Combining Distribution and Replication
When your index is too large for a single machine and you have a query volume that single shards cannot keep up with, it’s time to replicate each shard in your distributed search setup.
The idea is to combine distributed search with replication. As shown in the figure below, a combined distributed-replication configuration features a leader server for each shard and then 1-n followers that are replicated from the leader. As in a standard replicated configuration, the leader server handles updates and optimizations without adversely affecting query handling performance.
Query requests should be load balanced across each of the shard followers. This gives you both increased query handling capacity and fail-over backup if a server goes down.
None of the leader shards in this configuration know about each other. You index to each leader, the index is replicated to each follower, and then searches are distributed across the followers, using one follower from each leader/follower shard.
For high availability you can use a load balancer to set up a virtual IP for each shard’s set of followers. If you are new to load balancing, HAProxy (http://haproxy.1wt.eu/) is a good open source software load-balancer. If a follower server goes down, a good load-balancer will detect the failure using some technique (generally a heartbeat system), and forward all requests to the remaining live followers that served with the failed follower. A single virtual IP should then be set up so that requests can hit a single IP, and get load balanced to each of the virtual IPs for the search followers.

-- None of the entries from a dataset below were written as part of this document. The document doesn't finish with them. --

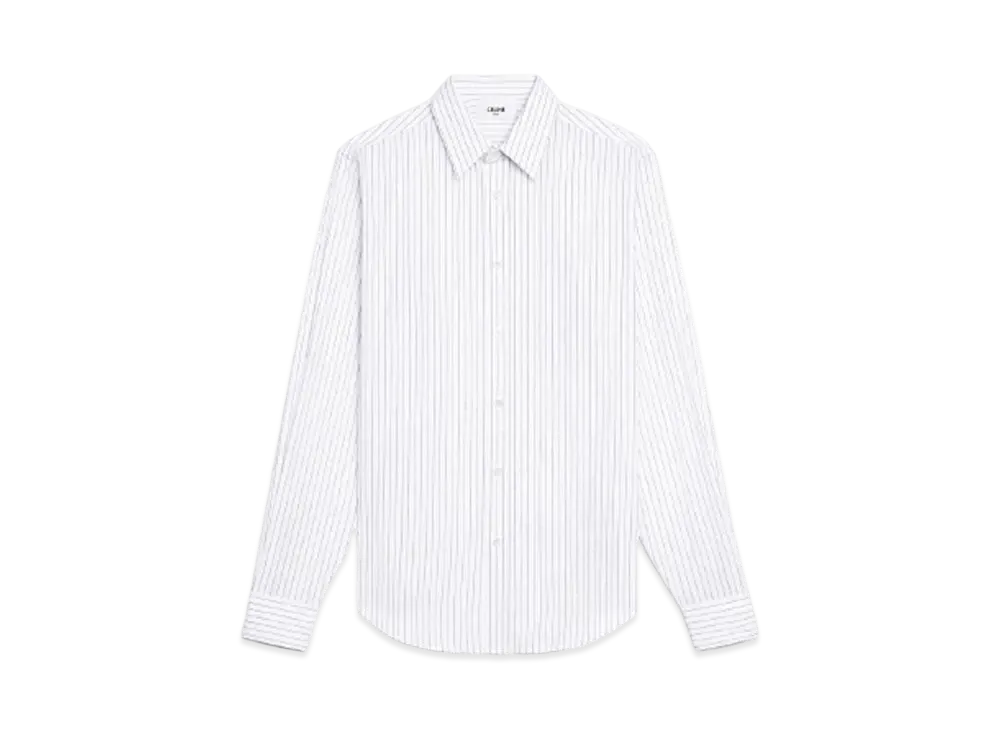 セリーヌ クラシックシャツ / ストライプ ポプリン 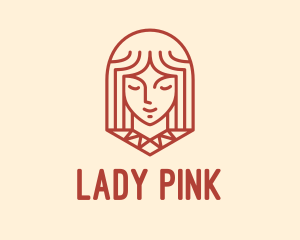 Red Beauty Lady  logo design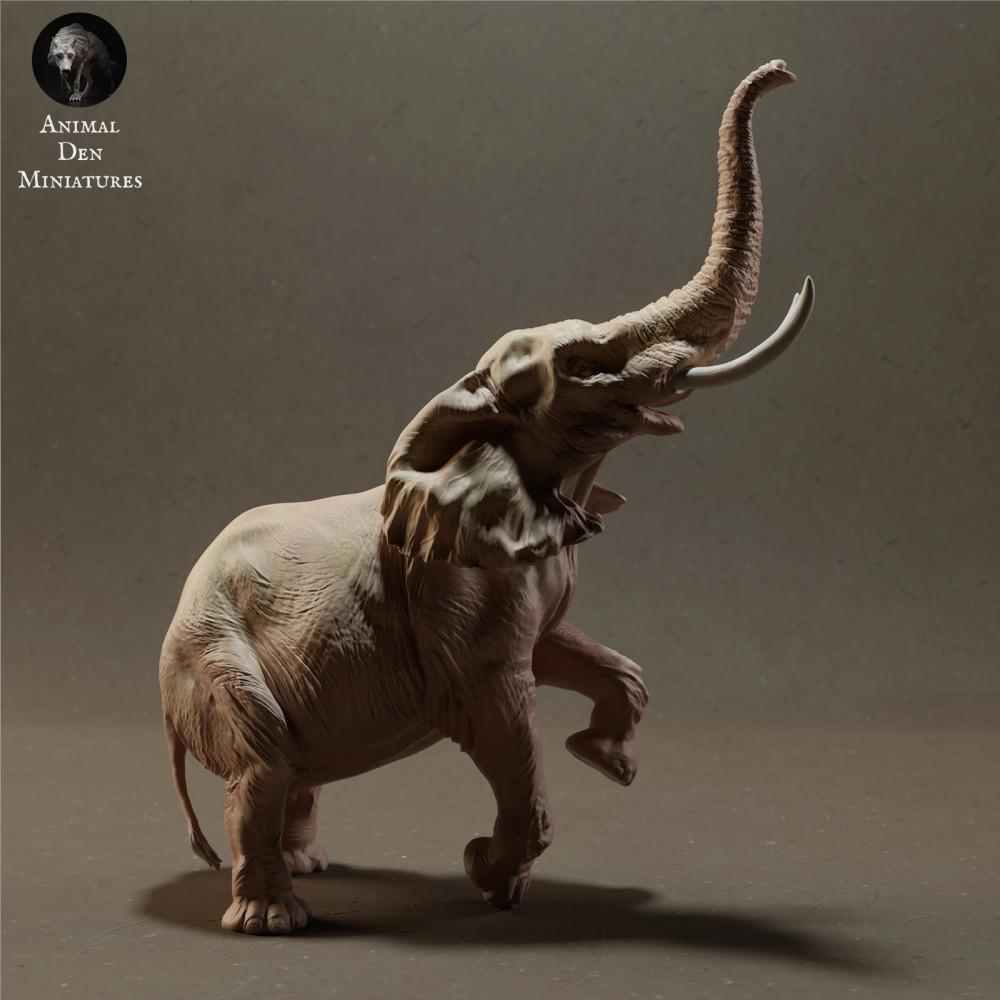 Productfoto 2: Wildtierfiguur: Afrikaanse savanneolifantenstier - staand (23_02_03)
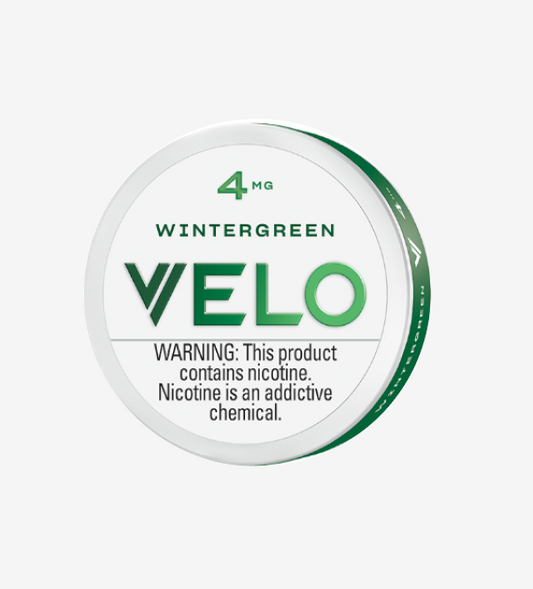 VELO Wintergreen 4mg nicotine pouches, 5-count pack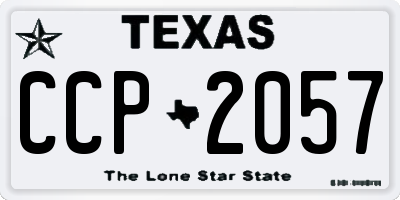 TX license plate CCP2057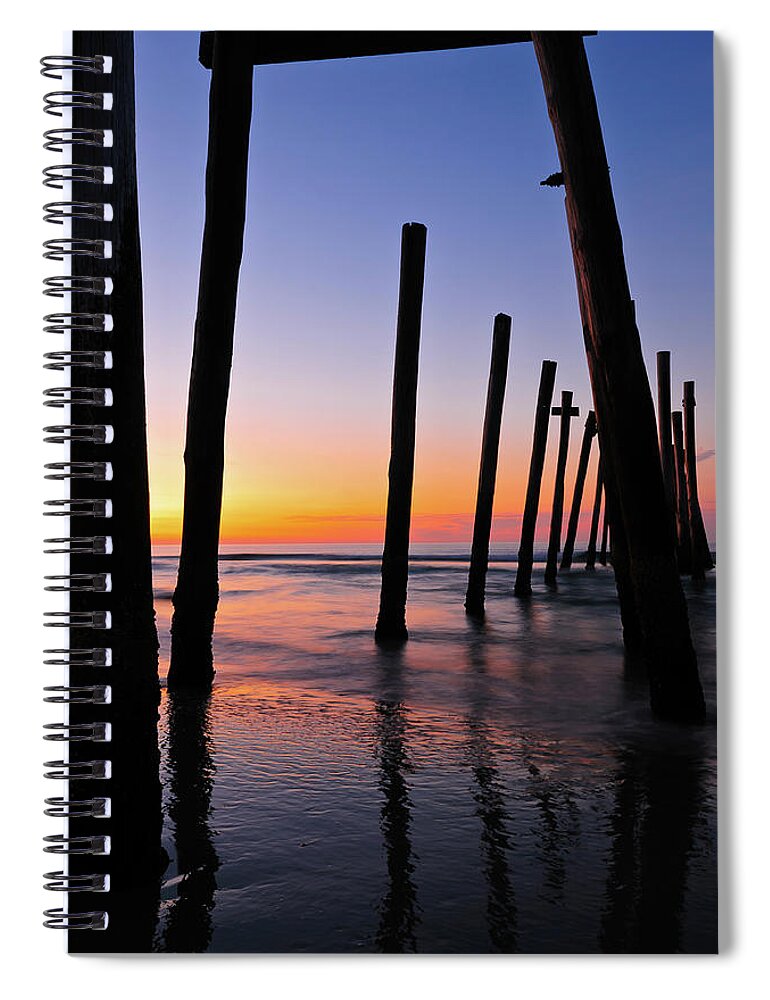 59th Pier Spiral Notebook featuring the photograph Looking Through by Louis Dallara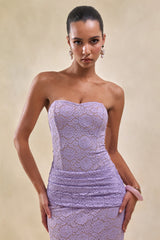 Vissia | Lilac Lace Bandeau Bodysuit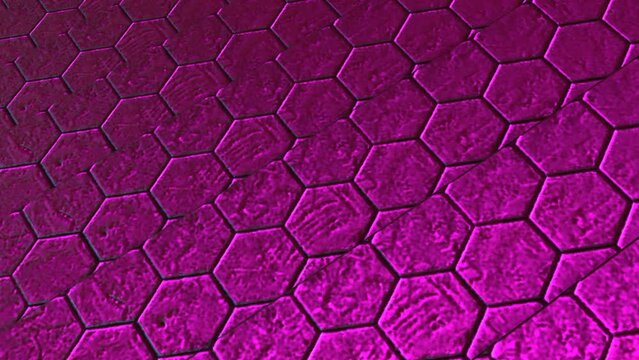 background of stone. pink pavement texture. Hexagonal pink shingle roof tile background	
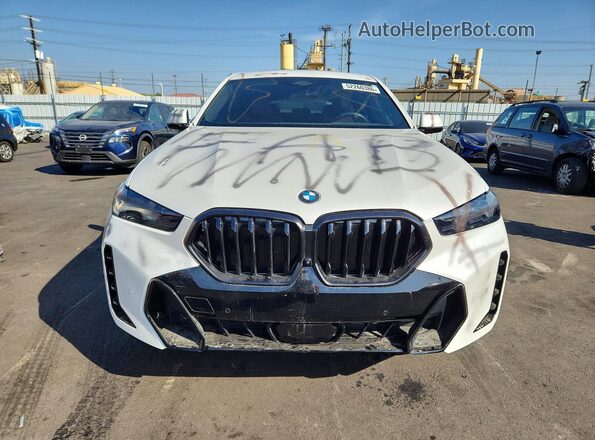 5UX33EX09R9S37570 2024 BMW X6 White Դիմացի տեսք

With this configuration you will have a fully load balanced, search-side fault-tolerant system (Solr does not yet support fault-tolerant indexing). Incoming searches will be handed off to one of the functioning followers, then the follower will distribute the search request across a follower for each of the shards in your configuration. The follower will issue a request to each of the virtual IPs for each shard, and the load balancer will choose one of the available followers. Finally, the results will be combined into a single results set and returned. If any of the followers go down, they will be taken out of rotation and the remaining followers will be used. If a shard leader goes down, searches can still be served from the followers until you have corrected the problem and put the leader back into production.